--- Work order ---
For the data that follows, print the line with "Lunettes Aviateur Monster", the line with "HELLO MEOW Men's Premium T-Shirt", and all lines between them, exactly as they stand. Omit pictures and add nothing.

### Entries shown

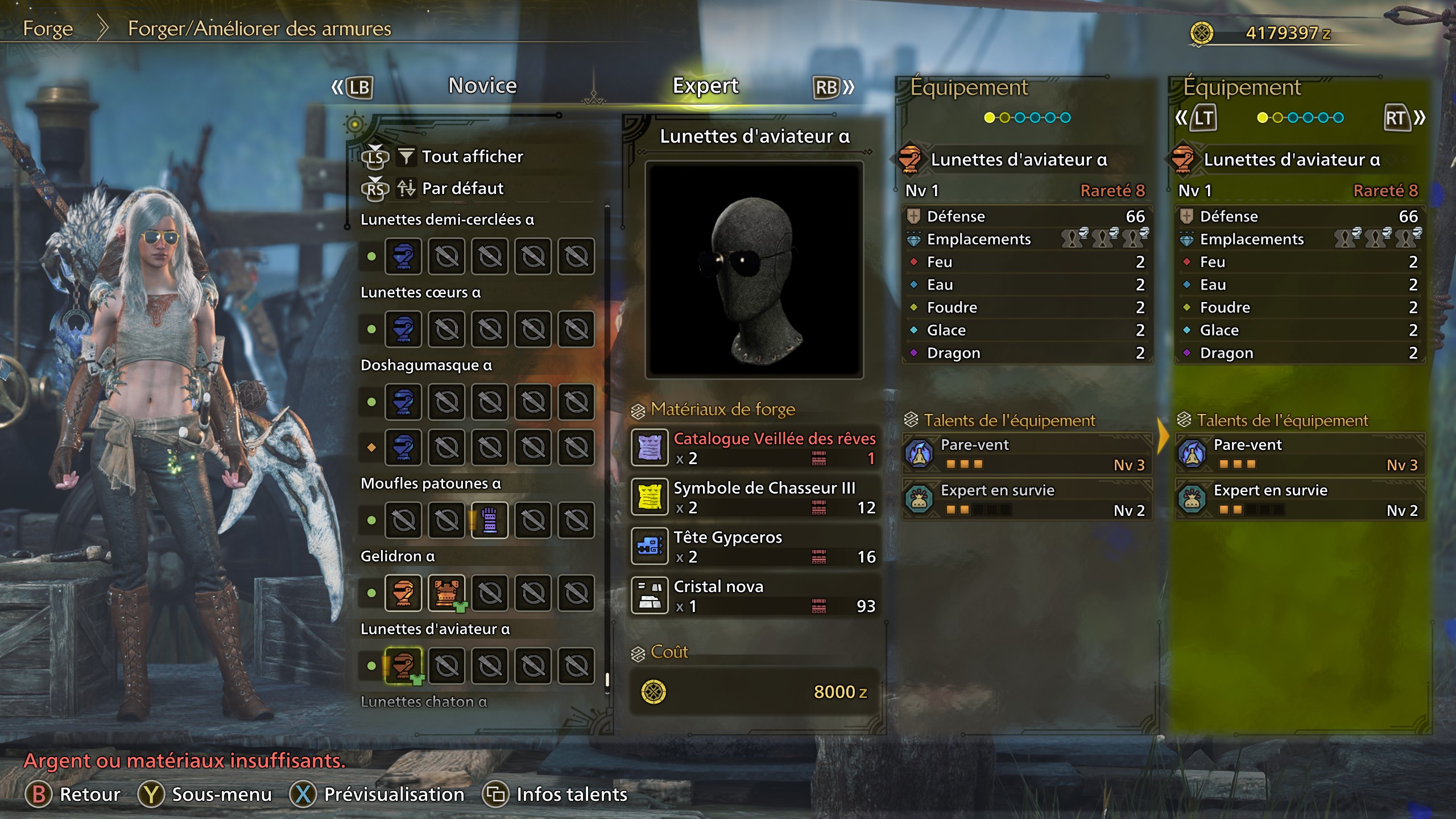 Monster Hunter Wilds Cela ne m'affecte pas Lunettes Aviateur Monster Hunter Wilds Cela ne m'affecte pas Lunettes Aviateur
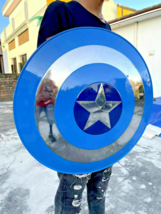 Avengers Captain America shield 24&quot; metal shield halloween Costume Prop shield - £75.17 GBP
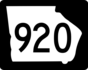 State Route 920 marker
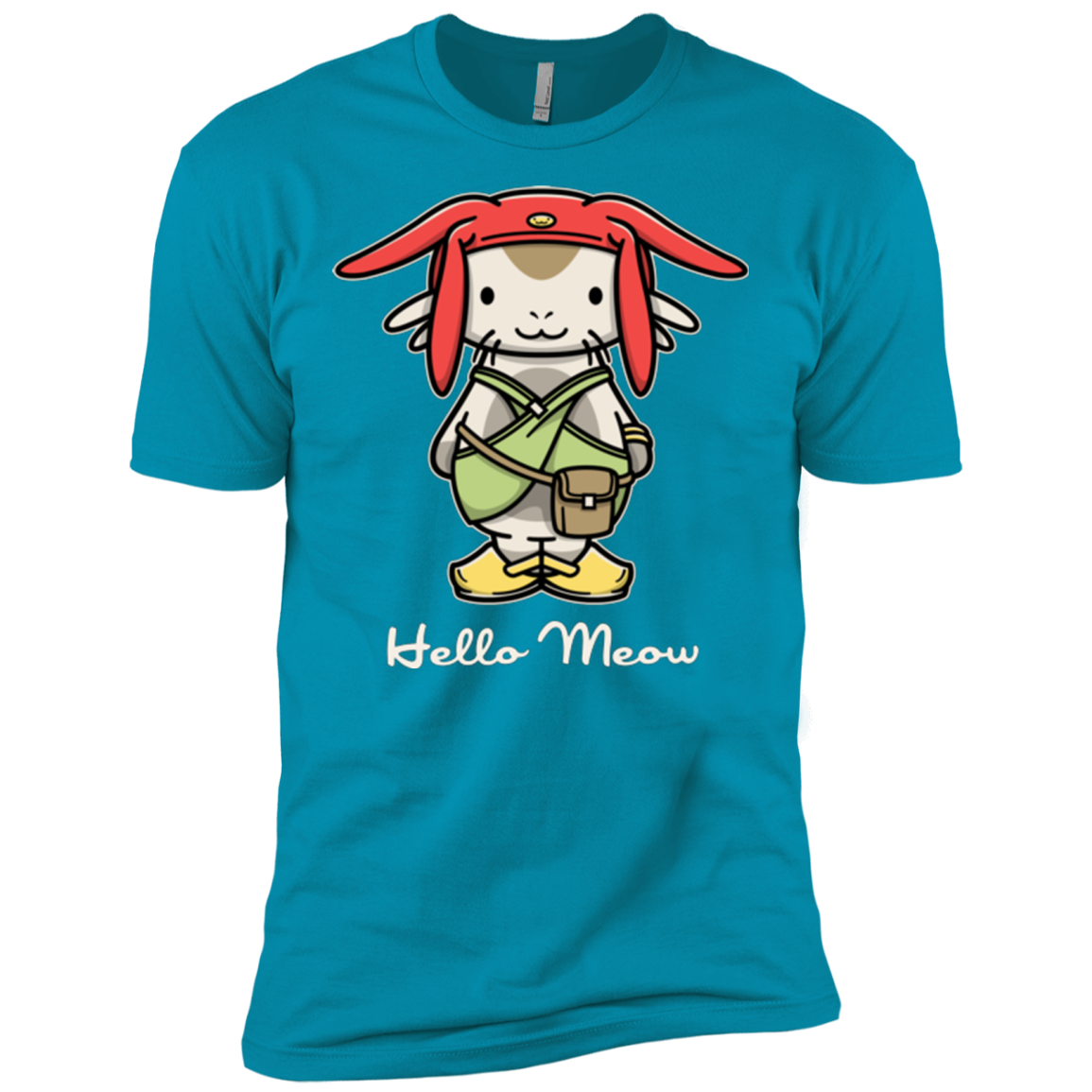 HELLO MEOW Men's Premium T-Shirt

######
### Entries shown

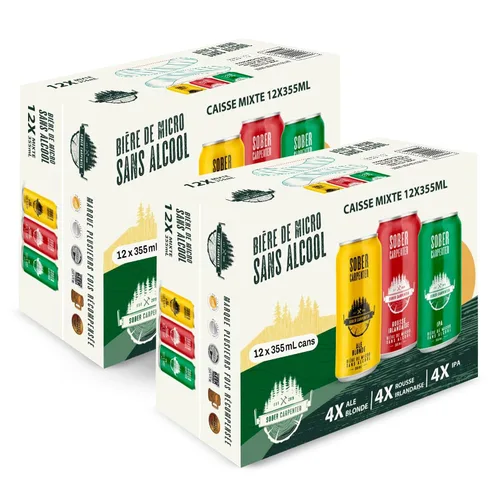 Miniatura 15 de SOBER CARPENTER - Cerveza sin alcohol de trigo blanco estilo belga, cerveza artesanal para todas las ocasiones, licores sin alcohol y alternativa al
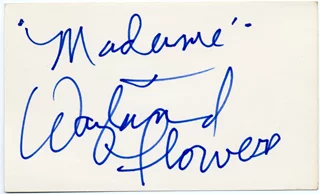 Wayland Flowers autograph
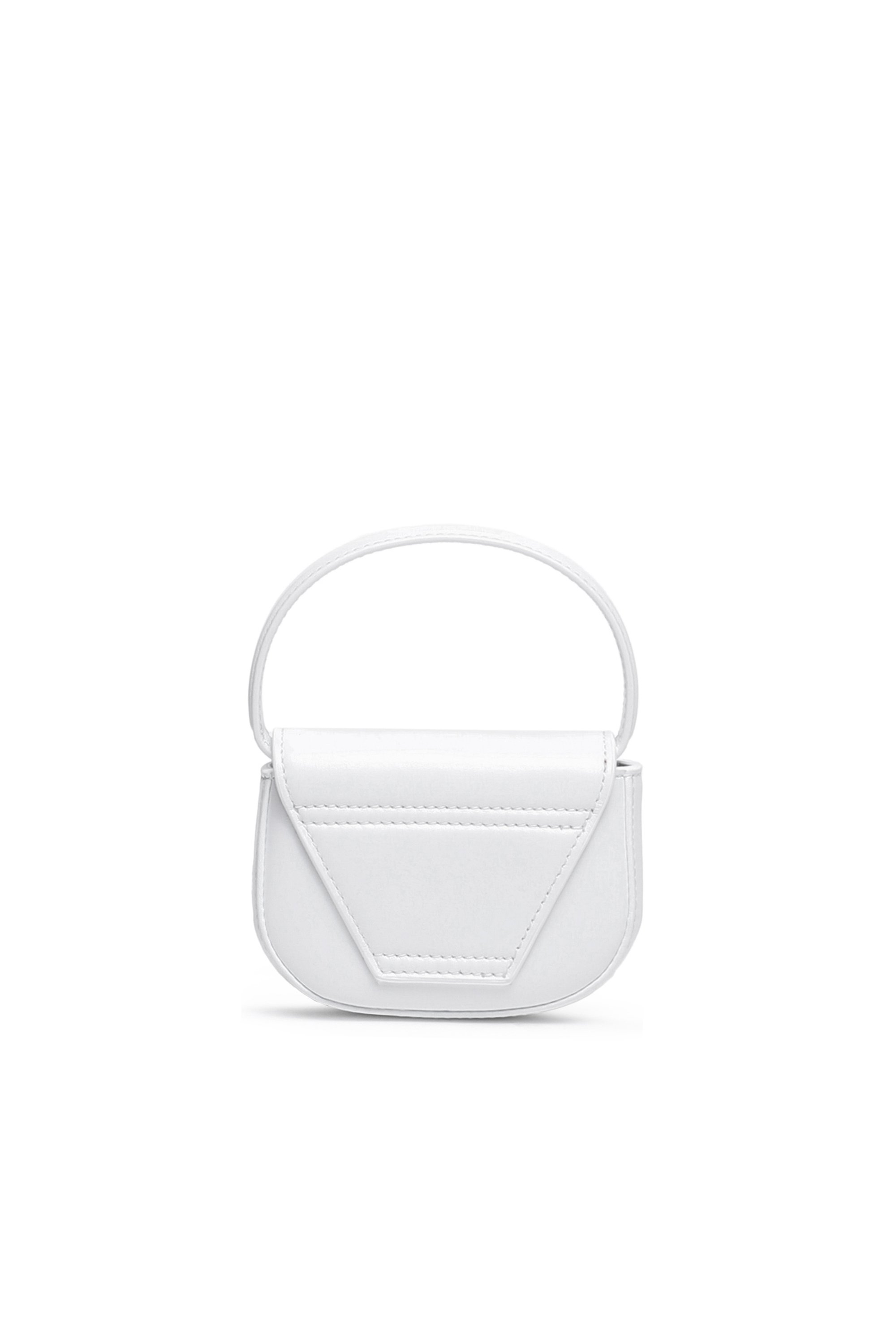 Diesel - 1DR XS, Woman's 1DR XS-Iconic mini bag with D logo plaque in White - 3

######

--- Exercise answer ---
 Monster Hunter Wilds Cela ne m'affecte pas Lunettes Aviateur Monster Hunter Wilds Cela ne m'affecte pas Lunettes Aviateur
 Avengers Captain America shield 24&quot; metal shield halloween Costume Prop shield - £75.17 GBP
 State Route 920 marker
 HELLO MEOW Men's Premium T-Shirt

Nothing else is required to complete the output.